Change in a Trying Time

by Adele Gaburo ’21

Hey guys! I hope everyone’s quarantine is going well. I hope you have monopoly or a fat stack of movies or knitting needles to keep you entertained.

As for me, my family is quarantined at our beach house which means that three people are in less than 900 square feet of each other at all times. Needless to say, I’m getting outside as much as possible….

I remember the first time I ventured out of my house here: I went to walk the boardwalk and didn’t see another soul for like 20 minutes. Yes, the winter makes the beach a lot quieter, but never in my 11 years of having a house here have I seen it completely empty. Part of me thought it was really peaceful, because the winter boardwalk scene is usually just a bunch of local kids nearly running you over with their bikes. The other, much larger part of me thought it was incredibly eerie. Not smelling the fry grease, not hearing the arcade games, and yes, not fearing the impending doom of ten year old biker gangs, doesn’t sit right with me.

And on top of that, my entire routine is messed up. I’m used to waking up at the crack of dawn to go to school, being tired all day, coming home (to scarf down some food and do my mountain of homework), going to bed, and doing it all over again the next morning. My routine sounds less than fun, and that’s because it’s definitely not fun, but there’s something about not having it that makes me want it back. Whether it be online school, online work, or sitting on the couch a little too much, deviation from your regular routine is bound to feel a little weird.

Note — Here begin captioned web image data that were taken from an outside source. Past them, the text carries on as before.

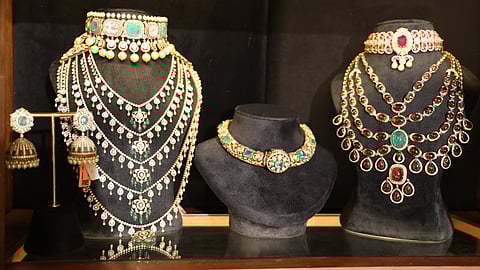 Necklaces designed by Nilaya Reddy, glowing subtly under soft light.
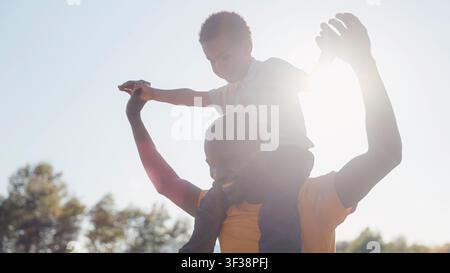 Ein alleinerziehender Vater gibt seinem Sohn eine Fahrt auf seinen Schultern, während sie bei Sonnenuntergang gemeinsam die Natur genießen. Stockfoto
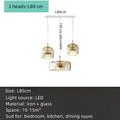 Modern amber glass chandelier with brass accents for living room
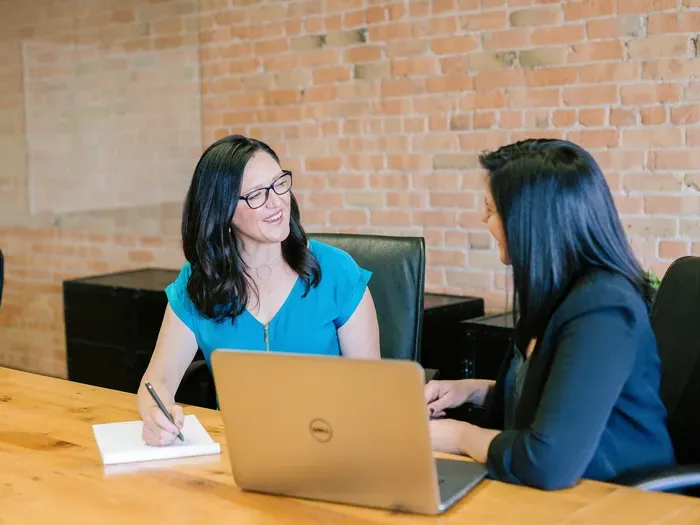 Two women meeting at a desk with a laptop and notes, discussing feedback and ratings for neighborhood services
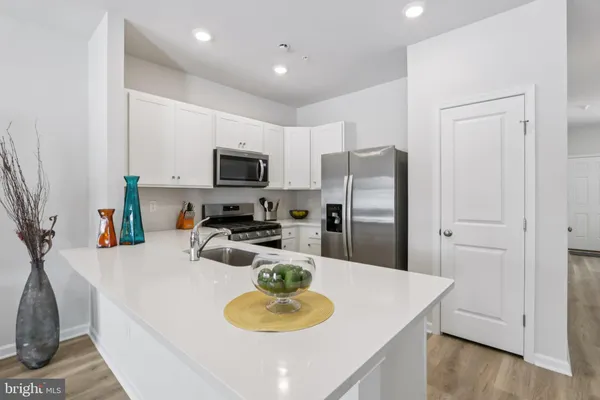 a kitchen with stainless steel appliances granite countertop a sink a microwave a refrigerator and white cabinets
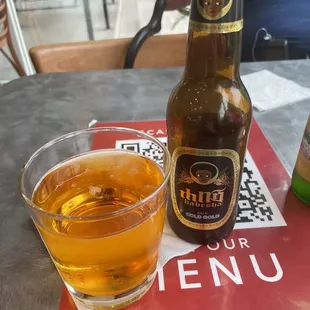a glass of beer and a bottle of beer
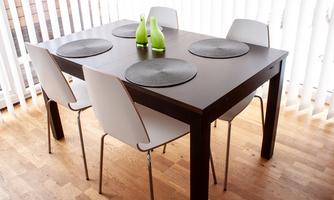 A modern wooden dining table with four white chairs. On the table lie round coasters and two green decorative bottles.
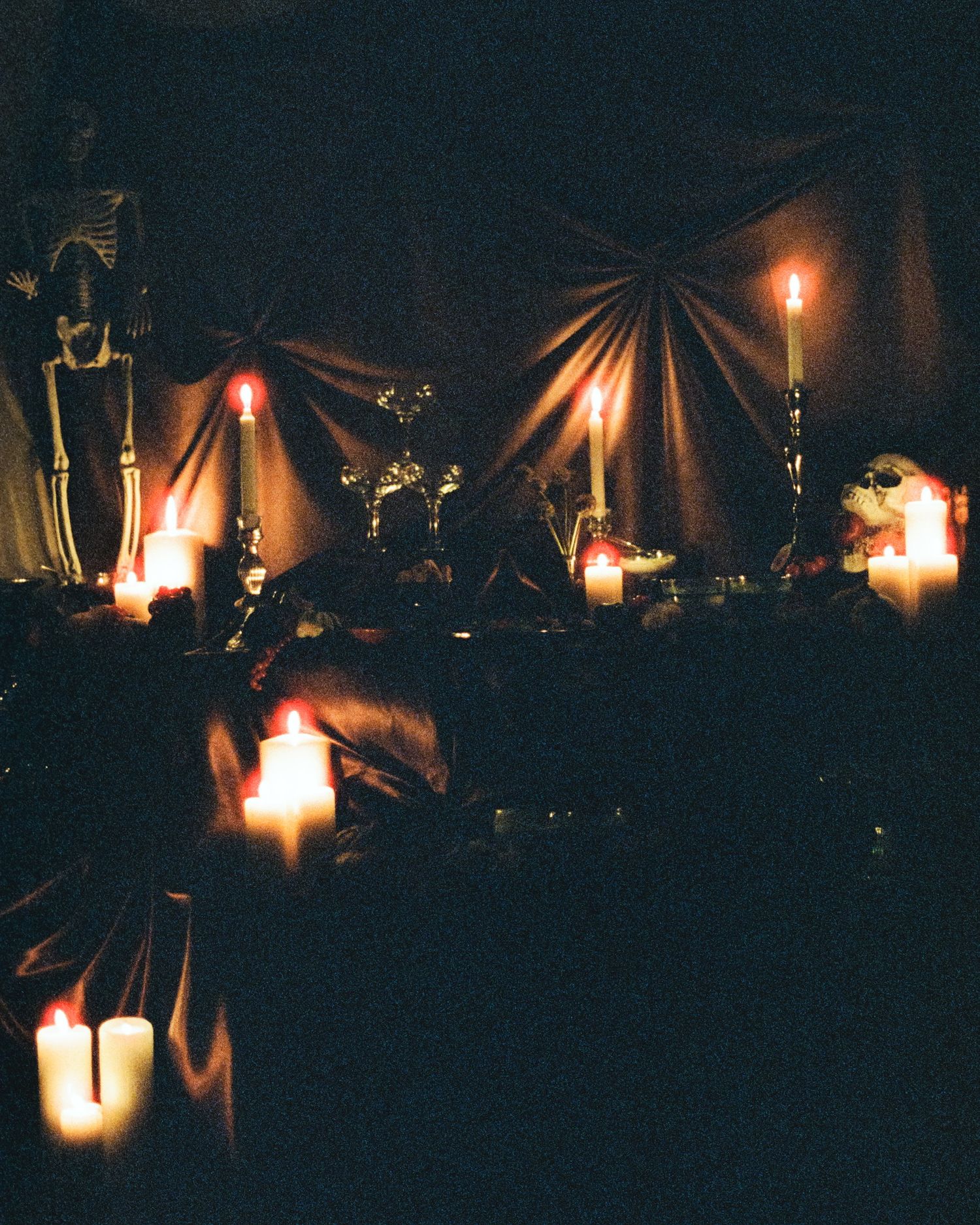 Lit candles create a moody atmosphere with dramatic shadows and warm glowing light against a dark background.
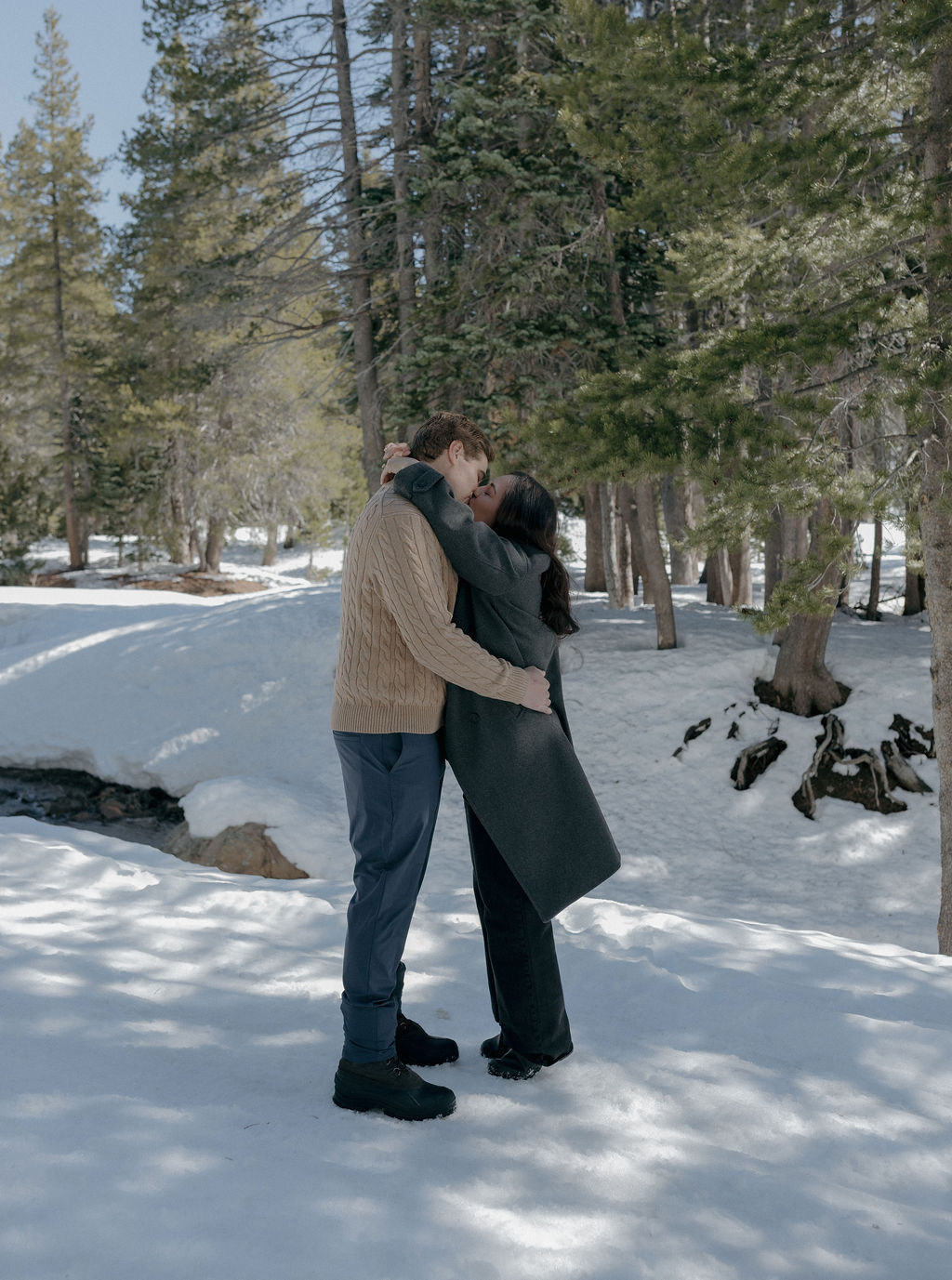 A couple posing for winter engagement photos in the snow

This change is something we all have to deal with because, like it or not, everyone is effected by what’s going on right now. Although I want to be the one with all the answers, I honestly don’t have a lot of advice for this because it’s so unprecedented. My grandparents have never seen anything like it, so I definitely haven’t in my almost-17 years of life. Given that, I just wanted to write the post to show you that everyone’s routine is changing, that we’re all in the same boat, and even in this time of separation, we are unified by the disruption we’re all facing.